Refer to the stage base and resources definitions in Curator for full details.

### Resource Semantics

`Resources` support both fractional and whole‑GPU semantics:

- `gpu_memory_gb`: Request a fraction of a single GPU by memory; Curator rounds to a fractional GPU share and enforces that `gpu_memory_gb` stays within one device.
- `gpus`: Request one or more GPUs for a stage that is GPU aware.

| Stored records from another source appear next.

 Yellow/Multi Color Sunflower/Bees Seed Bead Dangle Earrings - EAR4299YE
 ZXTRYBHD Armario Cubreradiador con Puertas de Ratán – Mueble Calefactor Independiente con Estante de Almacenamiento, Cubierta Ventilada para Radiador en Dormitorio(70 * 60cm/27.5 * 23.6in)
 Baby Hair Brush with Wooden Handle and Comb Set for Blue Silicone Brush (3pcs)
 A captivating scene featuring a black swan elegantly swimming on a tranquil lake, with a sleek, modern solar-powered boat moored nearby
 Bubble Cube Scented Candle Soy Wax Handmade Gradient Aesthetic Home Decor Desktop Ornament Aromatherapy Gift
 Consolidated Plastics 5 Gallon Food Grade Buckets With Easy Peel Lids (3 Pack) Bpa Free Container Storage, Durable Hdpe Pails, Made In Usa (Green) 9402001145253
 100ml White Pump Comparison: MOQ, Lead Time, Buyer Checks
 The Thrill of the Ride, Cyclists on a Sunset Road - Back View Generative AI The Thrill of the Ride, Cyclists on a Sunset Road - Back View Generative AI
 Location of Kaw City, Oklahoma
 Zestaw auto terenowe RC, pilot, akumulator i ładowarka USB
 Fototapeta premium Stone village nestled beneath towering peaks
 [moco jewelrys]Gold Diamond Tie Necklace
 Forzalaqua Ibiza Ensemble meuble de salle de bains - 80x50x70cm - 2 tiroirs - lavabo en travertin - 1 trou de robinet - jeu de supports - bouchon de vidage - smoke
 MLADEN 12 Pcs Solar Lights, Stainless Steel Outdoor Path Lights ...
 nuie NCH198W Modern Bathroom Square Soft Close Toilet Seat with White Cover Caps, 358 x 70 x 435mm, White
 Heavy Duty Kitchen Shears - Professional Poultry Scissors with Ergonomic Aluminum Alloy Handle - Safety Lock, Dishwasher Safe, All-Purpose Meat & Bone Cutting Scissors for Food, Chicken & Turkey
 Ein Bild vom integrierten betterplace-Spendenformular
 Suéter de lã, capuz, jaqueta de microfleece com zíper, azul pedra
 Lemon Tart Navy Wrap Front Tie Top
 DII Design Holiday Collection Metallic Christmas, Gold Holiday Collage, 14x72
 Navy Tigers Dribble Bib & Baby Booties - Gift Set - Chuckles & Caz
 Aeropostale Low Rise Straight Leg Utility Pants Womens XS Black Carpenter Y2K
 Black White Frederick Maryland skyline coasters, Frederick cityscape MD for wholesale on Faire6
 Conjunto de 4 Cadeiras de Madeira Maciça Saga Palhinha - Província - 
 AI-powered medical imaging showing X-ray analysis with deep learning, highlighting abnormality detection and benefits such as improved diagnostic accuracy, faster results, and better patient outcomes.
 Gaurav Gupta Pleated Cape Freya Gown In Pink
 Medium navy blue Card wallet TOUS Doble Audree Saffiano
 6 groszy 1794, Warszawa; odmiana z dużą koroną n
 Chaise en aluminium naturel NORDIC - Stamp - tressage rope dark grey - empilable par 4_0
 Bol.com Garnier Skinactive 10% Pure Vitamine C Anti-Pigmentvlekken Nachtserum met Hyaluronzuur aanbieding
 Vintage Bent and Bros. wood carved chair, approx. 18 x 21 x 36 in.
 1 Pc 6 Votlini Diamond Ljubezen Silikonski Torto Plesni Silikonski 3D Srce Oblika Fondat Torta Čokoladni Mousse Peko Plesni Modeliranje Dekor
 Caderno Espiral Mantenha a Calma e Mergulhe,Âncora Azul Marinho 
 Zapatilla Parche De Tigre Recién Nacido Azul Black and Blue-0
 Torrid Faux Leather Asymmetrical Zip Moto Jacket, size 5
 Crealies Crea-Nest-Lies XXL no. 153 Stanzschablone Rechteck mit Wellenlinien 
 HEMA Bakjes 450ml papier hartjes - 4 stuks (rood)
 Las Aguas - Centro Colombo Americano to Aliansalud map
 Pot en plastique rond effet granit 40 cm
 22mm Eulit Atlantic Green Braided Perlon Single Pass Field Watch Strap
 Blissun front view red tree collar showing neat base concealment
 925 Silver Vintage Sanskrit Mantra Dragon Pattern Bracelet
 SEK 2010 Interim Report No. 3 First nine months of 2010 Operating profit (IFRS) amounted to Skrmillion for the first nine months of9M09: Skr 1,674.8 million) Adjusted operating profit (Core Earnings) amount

Choose one of `gpu_memory_gb` (single‑GPU fractional) or `gpus` (one or more full GPUs). Combining both is not allowed.

## Tasks

Video pipelines operate on task types defined in Curator:

- `VideoTask`: Wraps a single input `Video`
- `Video`: Holds decoded metadata, frames, and lists of `Clip`
- `Clip`: Holds buffers, extracted frames, embeddings, and caption windows

Stages transform tasks stage by stage (for example, `VideoReader` populates `Video`, splitting stages create `Clip` objects, embedding and captioning stages annotate clips, and writer stages persist outputs).

## Executors

Executors run pipelines on a backend. Curator uses [`XennaExecutor`](https://github.com/nvidia-cosmos/cosmos-xenna) to translate `ProcessingStage` definitions into Cosmos-Xenna stage specifications and run them on Ray with automatic scaling. Execution modes include streaming (default) and batch.